> **COLLECTED DATA**
□ □ □

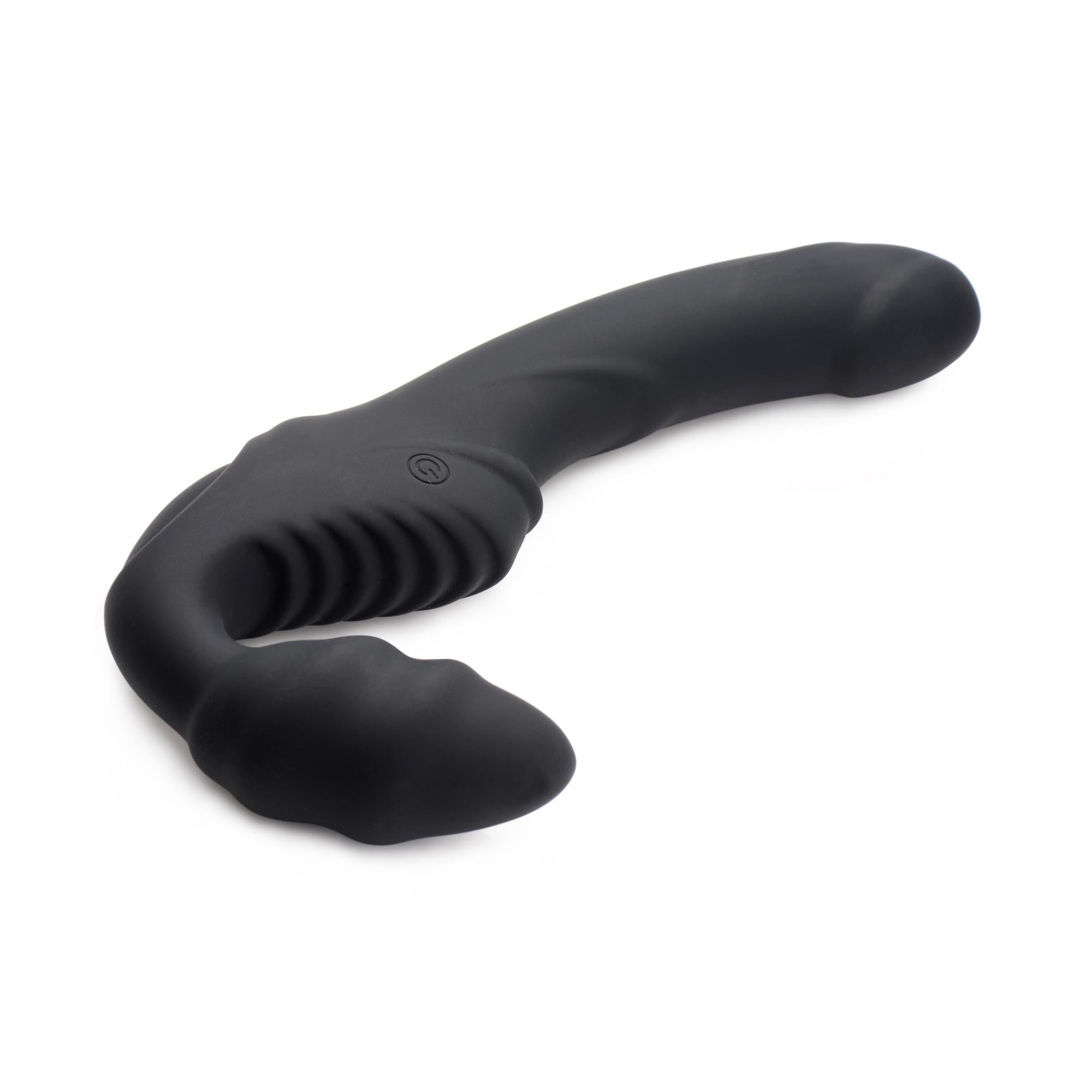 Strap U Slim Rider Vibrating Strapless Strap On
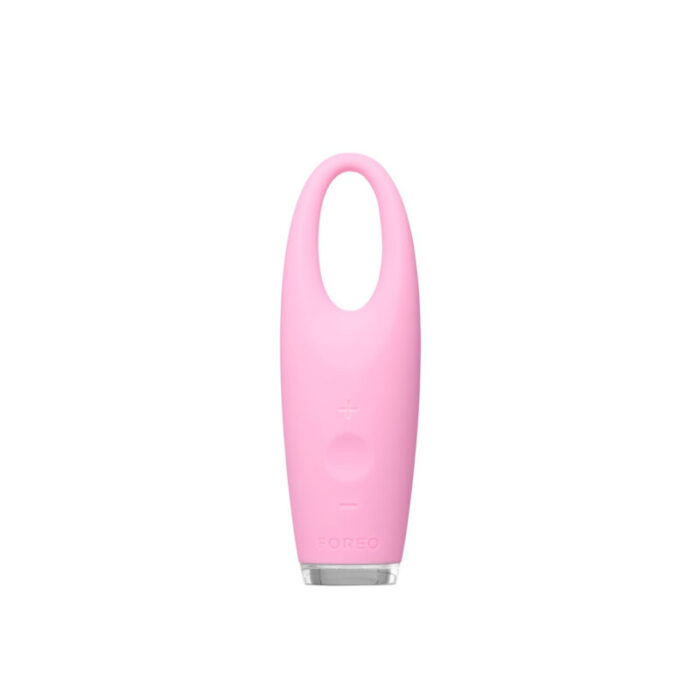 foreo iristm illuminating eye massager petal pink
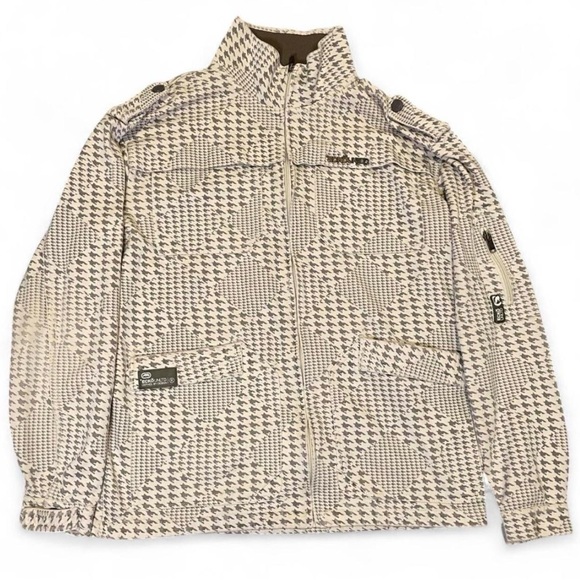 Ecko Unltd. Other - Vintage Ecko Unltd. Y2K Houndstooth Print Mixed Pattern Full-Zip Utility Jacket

□ □ □

> **WORK ORDER**
With the pictures left out, return the listing above exactly as it stands.

> **YOUR SOLUTION**
 Strap U Slim Rider Vibrating Strapless Strap On
 foreo iristm illuminating eye massager petal pink
 Ecko Unltd. Other - Vintage Ecko Unltd. Y2K Houndstooth Print Mixed Pattern Full-Zip Utility Jacket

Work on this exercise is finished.